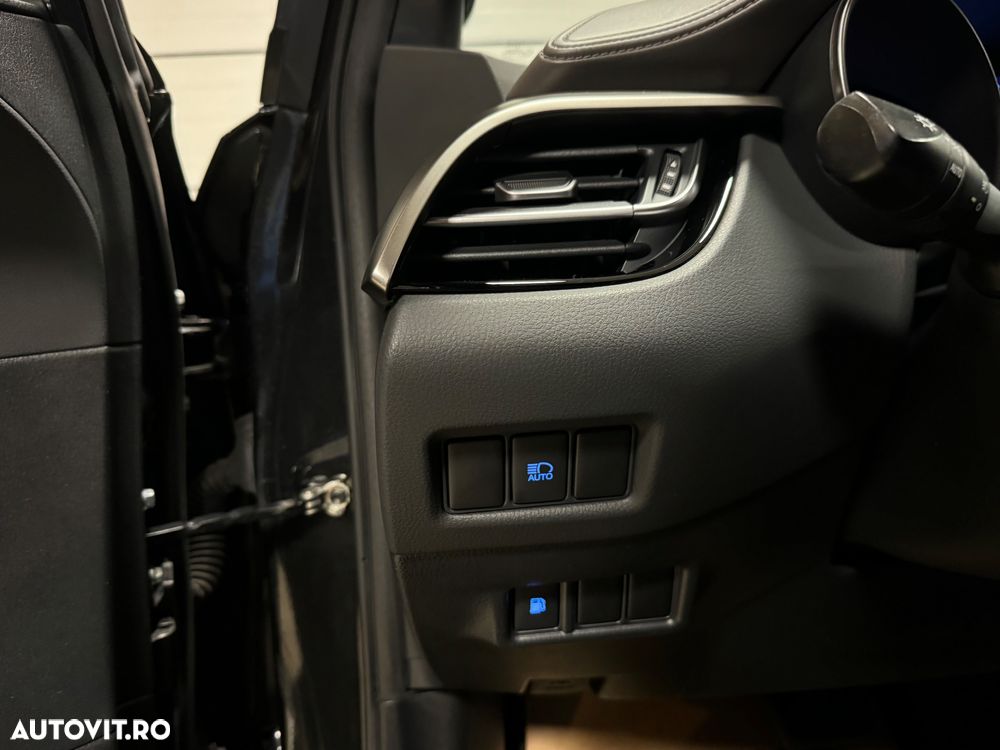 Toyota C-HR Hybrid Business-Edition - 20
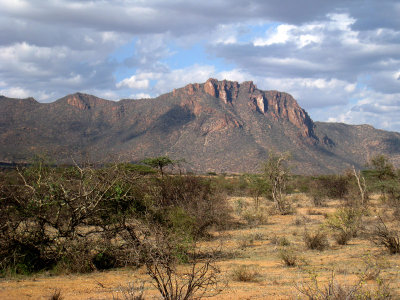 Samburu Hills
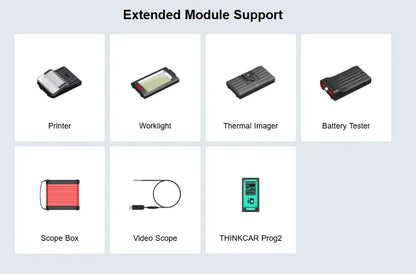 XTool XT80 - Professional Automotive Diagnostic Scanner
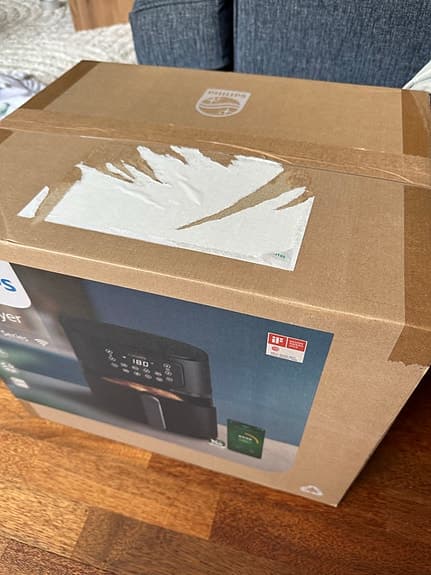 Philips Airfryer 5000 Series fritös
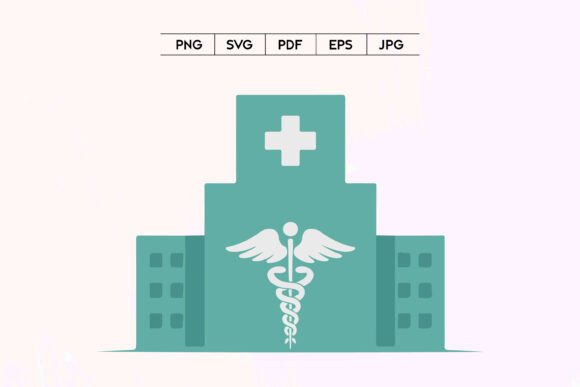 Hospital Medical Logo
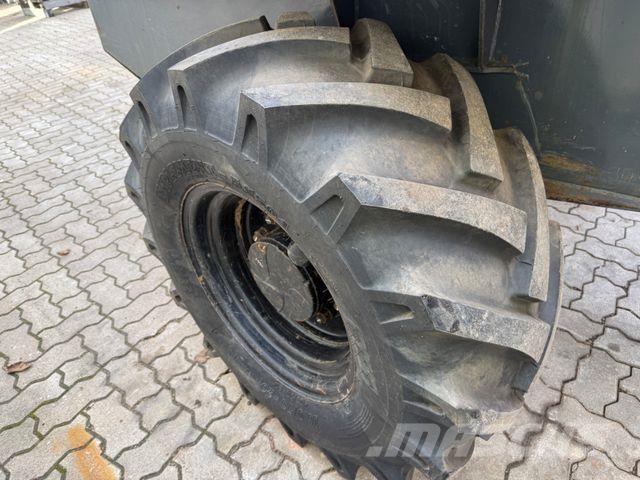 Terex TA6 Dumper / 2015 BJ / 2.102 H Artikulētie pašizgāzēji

____________

Write out the whole listing exactly, and drop the pictures.

◆ RESULT OF THE EXERCISE
 Toyota C-HR Hybrid Business-Edition - 20
 Samburu Hills
 XTool XT80 - Professional Automotive Diagnostic Scanner
 Philips Airfryer 5000 Series fritös
 Hospital Medical Logo
 Terex TA6 Dumper / 2015 BJ / 2.102 H Artikulētie pašizgāzēji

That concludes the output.